Hier sieht man wieviele deutsche Fantasy Autoren innerhalb eines Jahres veröffentlicht wurden
Man kann sehen, dass anfangs Markus Heitz den deutschen Fantasymarkt dominiert hat, erst 2004 bekam er Konkurrenz durch Bernhard Hennen. 2006 kam dann der Höhepunkt mit 5 verschiedenen Autoren die gleichzeitig verlegt wurden. Diese Anzahl wurde solange gehalten bis sie dann 2010 etwas sank. 2011 erschien Game of Thrones und die Anzahl stieg wieder, bis sie dann 2012 ihren Rekordwert erreichte. Man könnte von einem Hype sprechen. Doch im Gegensatz zum Herr der Ringe Hype im Jahr 2006, konnte man den Rekordwert nicht über Jahre halten. Stattdessen sank er unter dem Durchschnitt mit einem deutlicher Abwärtstrend.
Wirkliche neue Autoren aus letzter Zeit gab es nur zwei: T.S. Orgel der 2012 debütierte und Robert Corvus der 2013 zum ersten mal verlegt wurde.
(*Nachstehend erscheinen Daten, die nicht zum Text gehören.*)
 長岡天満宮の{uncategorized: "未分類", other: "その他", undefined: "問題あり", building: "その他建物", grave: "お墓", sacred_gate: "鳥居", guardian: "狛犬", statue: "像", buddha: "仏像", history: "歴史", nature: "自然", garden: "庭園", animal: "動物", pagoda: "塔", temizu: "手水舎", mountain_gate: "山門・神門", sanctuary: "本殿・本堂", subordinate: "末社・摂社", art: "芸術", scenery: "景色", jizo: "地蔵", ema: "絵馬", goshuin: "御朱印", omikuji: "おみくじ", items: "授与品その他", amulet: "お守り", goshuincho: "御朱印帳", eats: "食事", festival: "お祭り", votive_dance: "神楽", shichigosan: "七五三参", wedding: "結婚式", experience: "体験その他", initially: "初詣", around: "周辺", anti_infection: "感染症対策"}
All die anderen Autoren in der Statistik entstanden noch durch den Herr der Ringe Hype von vor 10 Jahren.

Hier sieht man wieviele deutsche Fantasy Bücher innerhalb eines Jahres veröffentlicht wurden
Schaut man sich an, wieviele Bücher von deutschen Fantasy Autoren veröffentlicht wurden kommt man zu einem ähnlichem Ergebnis.
Aber warum kommen keine neuen Autoren hinzu?
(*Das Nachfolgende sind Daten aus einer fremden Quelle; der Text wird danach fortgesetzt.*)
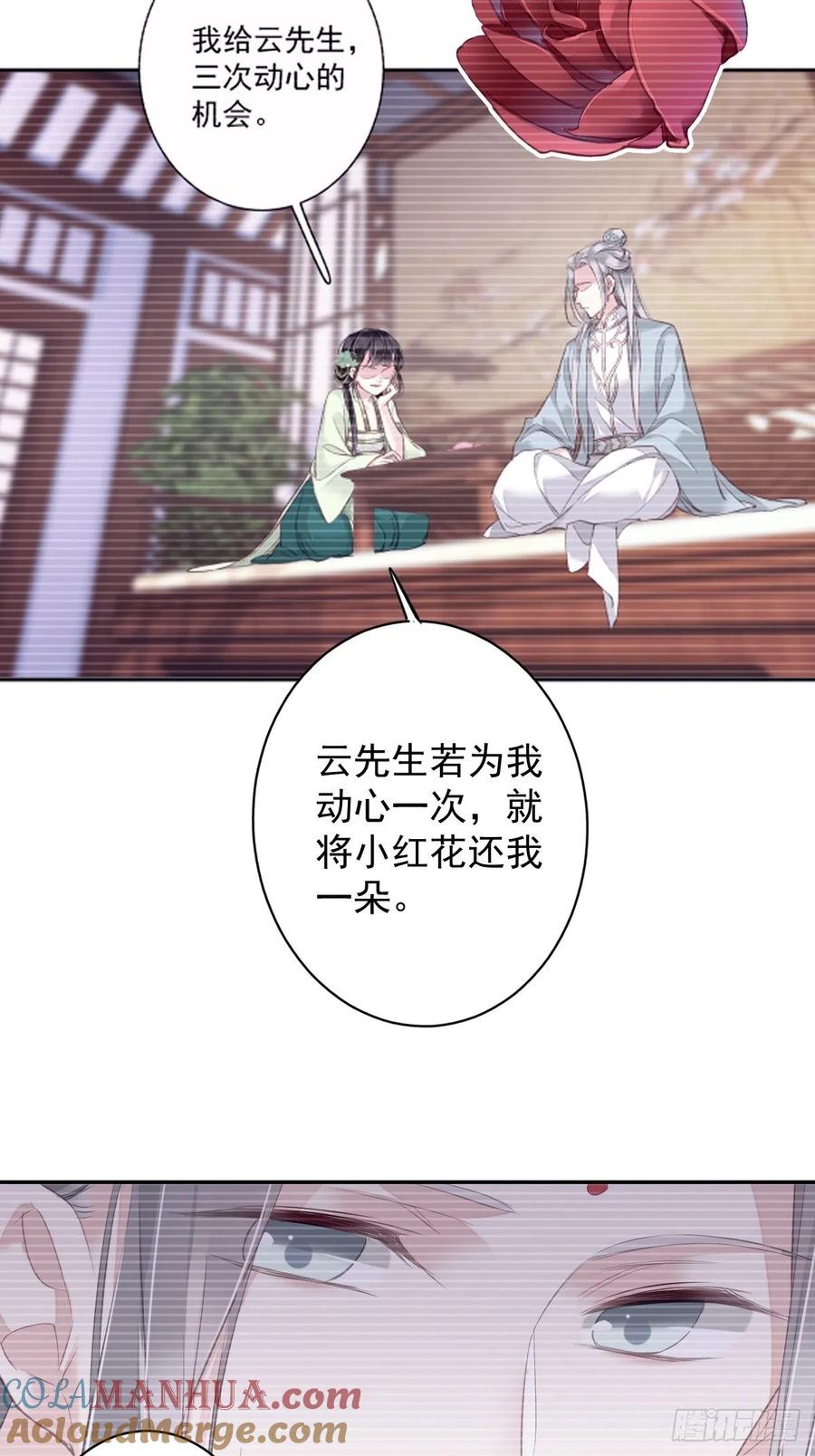 郡主不四嫁 102 这是我自己选的 第19页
Von links nach rechts: George R. R. Martin, Brandon Sanderson, Kevin J. Anderson, Christopher Paolini, Peter Orullian, Patrick Rothfuss, and K.J. Taylor – Sandiego Comic Con, 2011
Zum einen können Verlage ihr Verlustrisiko mit etablierten Lizenzen senken, denn wenn etwas in den USA oder England Erfolg hat, dann auch zu 90% in Deutschland. Warum sollte man auch ein Risiko mit einem neuen Autoren eingehen wenn es bereits kaufwillige Fans von etablierten Autoren gibt? Es gibt mittlerweile soviele englischsprachige Fantasyautoren, man ist gar nicht mehr auf deutsche angewiesen wie es vermutlich zu Beginn des ersten Fantasy Hypes war.
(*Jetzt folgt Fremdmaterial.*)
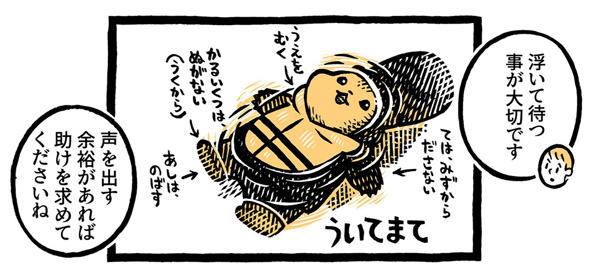 こぐまのケーキ屋さん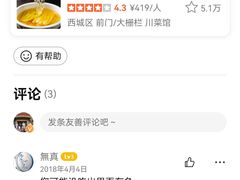 -之参餐厅(前门大街店)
Die andere und unschöne Möglichkeit wäre natürlich noch, dass deutsche Fantasy einfach schlechter ist. Vielleicht bekommen die Verlage ja nur Mist zugesendet, wer weiß. Wenn man bedenkt, dass laut dieser Studie das Durchschnittsalter von deutschen Fantasy Autoren bei über 40 Jahren liegt, kann es gut sein, dass die meisten Autoren noch ihre Geschichten an Herr der Ringe anlehnen weil sie damit aufgewachsen und geprägt wurden. Doch Tolkienverschnitte will keiner mehr lesen.
Zudem herrscht in den USA eine viel größere „Schreibratgeberszene“ als in Deutschland. Das fängt schon bei den Schreibkursen in den Colleges an und hört bei Verlagseditoren mit eigenen YouTube Kanälen und Blogs auf.
Fazit
Für angehende deutsche High Fantasy Autoren wird es wohl immer schwieriger werden von großen Verlagen verlegt zu werden. Die einzige Möglichkeit bleibt dann wohl Selfpublishing.